March 19, 2012

On The Playground Is Where I Spent Most of My Days...

This week, in honor of March Madness, I want to focus on collegiate athletics.  Specifically I want to focus on an article from last fall in The Atlantic by noted historian (and biographer of Martin Luther King, Jr.) Taylor Branch (http://tinyurl.com/43s7pzm) and a recently released report from The Institute for Diversity and Ethics in Sports (http://tinyurl.com/834m6of).  Each of these articles focus on the differentiation between white male athletes and their Black male counterparts.  They also identify some of the positive things taking place with Black male athletes. 

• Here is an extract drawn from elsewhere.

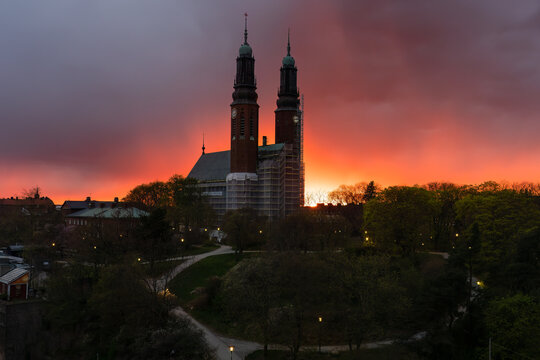 Beautiful panoramic night view of the famous Hogalid church on city park hill with dramatic sunset sky in Stockholm.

For example, while there is a 20% gap in the graduation rates between Black and white male football players (which is identified as the “Graduation Success Rate” or GSR), the overall GSR for non-Black athletes is 40% and for Black athletes, 60%.  This seems to be a positive result that we can take away from athletic participation.  The key, of course, is to identify what Black student athletes receive that their same race non-athletic counterparts do not.  Perhaps it is the mentoring and tutoring programs athletes receive, the rigor (or lack thereof) of course selection, or group think in which being successful on the court or field translates to wanting to be successful in the classroom.  What is known is that while we can celebrate the differentiation between the Black athletes versus the non-athletes on campus, the numbers (40% versus 60%) are still extremely anemic.
As we take a breather from watching the games and examining our brackets hoping for the team we're rooting for to win, perhaps we should also examine the culture of collegiate athletics which breeds what Branch describes as an environment in which the “United States is the only country in the world that hosts big-time sports at institutions of higher learning.”  Why do we celebrate “March Madness” far more vigorously than May madness, otherwise known as Graduation?  Why is it that everyone is getting paid in college athletics, save for perhaps the swim coach, except the student-athletes?  Should we go so far as Branch and infer, either explicitly as he does, or implicitly as most do, that high profile college athletics is nothing more than a “plantation” mentality, meaning the athletes are the only ones not receiving compensation for their efforts?

More importantly than the idea of whether or not college athletes should get paid beyond their scholarships, which I believe they should, the question we should be thinking about as we watch the excitement of the NCAA Men’s Tournament is, how many of these young men (specifically young Black men) will be turning their tassels and throwing their hats in the air sometime in May (or a May sometime in the near future)?  Only one team can cut down the nets at the end of the Tournament, one team gets the confetti and their “One Shining Moment,”  hopefully more than that will receive their “One Shining Moment” walking across the stage and receiving their degree less than two months from now.